The Citroën 11CV entered production as a civilian passenger car in 1934, and was produced in four-door sedan, two-door cabriolet and two-door rumbleseat coupe versions. It was revolutionary for its day in featuring front-wheel drive and a monocoque frame. The name “Traction” comes from the French term traction avant, meaning front-wheel drive. The term ‘11CV’ represents the power of the vehicle, since CV stands for chevaux vapeur, a French unit of horsepower used to determine motor vehicle taxes.
The 11CV was powered by an air-breathing (rather than fuel-injected) four-cylinder in-line 1900cc engine producing 46hp at 3800 rpm. Rated top speed was 120km/hr and the vehicle consumed 10 litres of gasoline per 100km. It was 4.45m long, 1.67m wide and 1.52m high, and weighed 1045kg unloaded.
Along with its cousins the 7CV and 15CV, the 11CV proved immensely popular and almost 250,000 were built before production was interrupted by the Second World War in 1940. Production of the series resumed after the war and a total of almost 760,000 examples were built before production ceased in 1957.

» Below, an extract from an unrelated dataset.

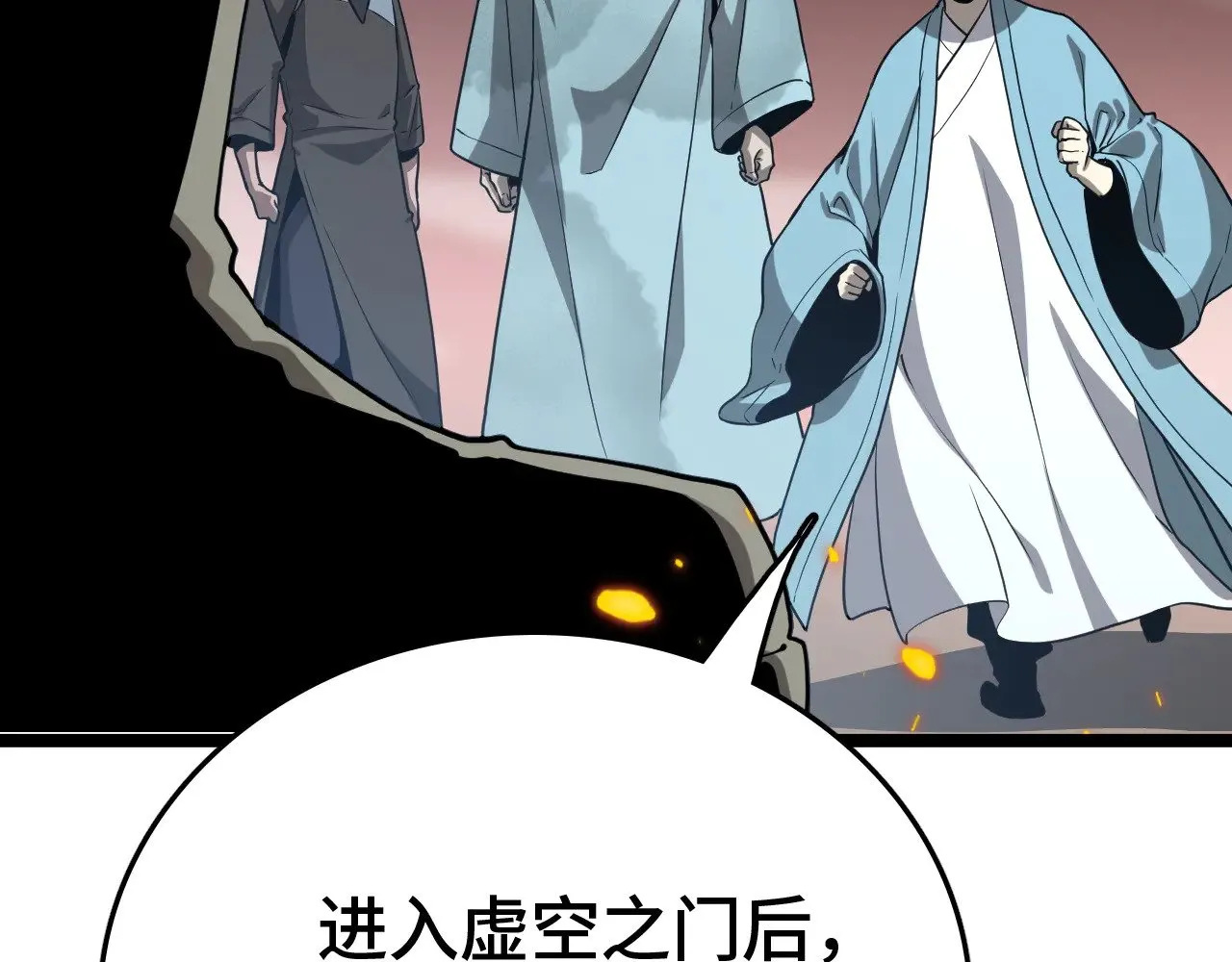 第35话101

The rugged construction and good handling qualities of the 11CV brought it to the attention of the French military, who employed large numbers as staff cars and utility vehicles. After the capture of France in 1940, German forces appropriated many 11CVs and used them in a wide variety of roles across many locations including France, Russia and North Africa.
Tamiya’s 1/48 scale kit consists of 31 dark grey styrene parts, with a further 4 clear styrene parts for the windows and headlamps. The larger parts such as the chassis floor-pan have a number of ejection pin marks but these are shallow and will be hidden after assembly.
The instructions are well laid out in the format familiar to anyone who has built a Tamiya kit before. The exploded view line drawings are clear and uncluttered, and each part has an index for the appropriate Tamiya paint color.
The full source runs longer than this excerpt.